I wish I could just say in DE there is no difference between me and all else, but I think if I did I wouldn't need your assistance.

Thanks again.

Re: The time is now

Posted: Sat Sep 10, 2016 5:24 pm
by Andrei
This is so befuddling!
It is quite a bit :D
My ideas about inside and outside of body seem to block my ability to experience directly.
Precisely! In DE you look and what do you see? Shapes and colours. Then your mind says the colour is pink (or whatever) and the shape is that of a hand.
But no worries, this is just extra work if you want to play with it. It does make your mind go bonkers a bit :D
Where does here start and end?
Down the rabbit hole :D
In direct experience, I think I feel separate. Feeling separate, distinct, other than may be just a thought but if it is it is a deeply ingrained thought. A thought that's hard to sense/experience beyond.
Ok let`s play with it. Imagine you`re in a completely dark place somewhere. For 10-15 seconds you`re just lost in this darkness. Your mind is blank too. Then your skin start sending to the brain the information of something warm and nice to the touch. You start to hear some birds twittering and the noise made by waves. You open your eyes and see the blue sky and smell the salt in the air. Without even seeing the water your mind creates the idea that you`re by the sea.
See, in DE you notice shapes and colours, you smell scents and hear noises and then your mind start giving them names.
Same with the other objects and people. You see shapes and colours and then your mind start explaining them to you: "that`s a cat", "that short bald guy with an inferiority complex looks like Vladimir Putin", and so on.
Let me know if it`s not clear. Maybe I can explain it better.
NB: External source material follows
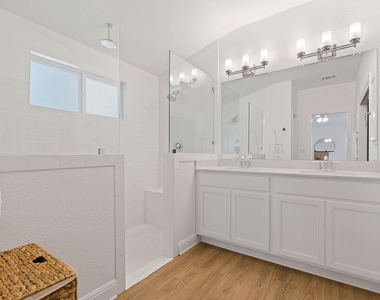 21102 Brewer Ln - Photo Thumbnail 12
Anyway, I`m going to turn the question around a bit. Let`s agree that there are other objects and people. Do you think other peoples have "selves" for real and just you don`t?

Re: The time is now

Posted: Thu Sep 15, 2016 1:59 am
by Megs Sconset
Do you think other peoples have "selves" for real and just you don`t?
If I don't have a self than it makes sense that no one does. If I was the only one without a self, that would be a sort a self, a defining difference. Most people seem to think they have selves, but I often think I have one too. That doesn't mean there is one.

That one felt easy!

Re: The time is now

Posted: Thu Sep 15, 2016 5:34 am
by Andrei
What about the platform on which things happen, call it mind-screen, call it awareness, consciousness etc. Is that a deeper level of the "self" or is it just another bodily function?

Re: The time is now

Posted: Tue Sep 20, 2016 1:29 am
by Megs Sconset
Greetings Andrei,
What about the platform on which things happen, call it mind-screen, call it awareness, consciousness etc. Is that a deeper level of the "self" or is it just another bodily function?
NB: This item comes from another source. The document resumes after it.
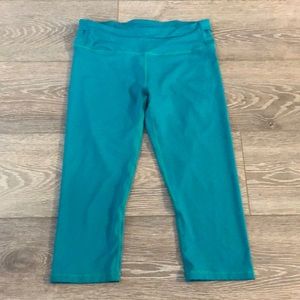 Fabletics Cropped Teal Leggings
I think "awareness" is a deeper level of life more than self. A self is what one thinks one is as opposed to all other(s). A separateness or delineation. Awareness we all have, it may be what we think of as self, but then self is singular, common to all. It could be a bodily function, but it could outlive the body. Does this "mind-screen" end when the body ends? Maybe it ends identifying with that body, maybe it just remembers it was always everpresent. Could this be something knowable by direct experience? I can imagine "experiencing" the One Self, but would that render it knowable?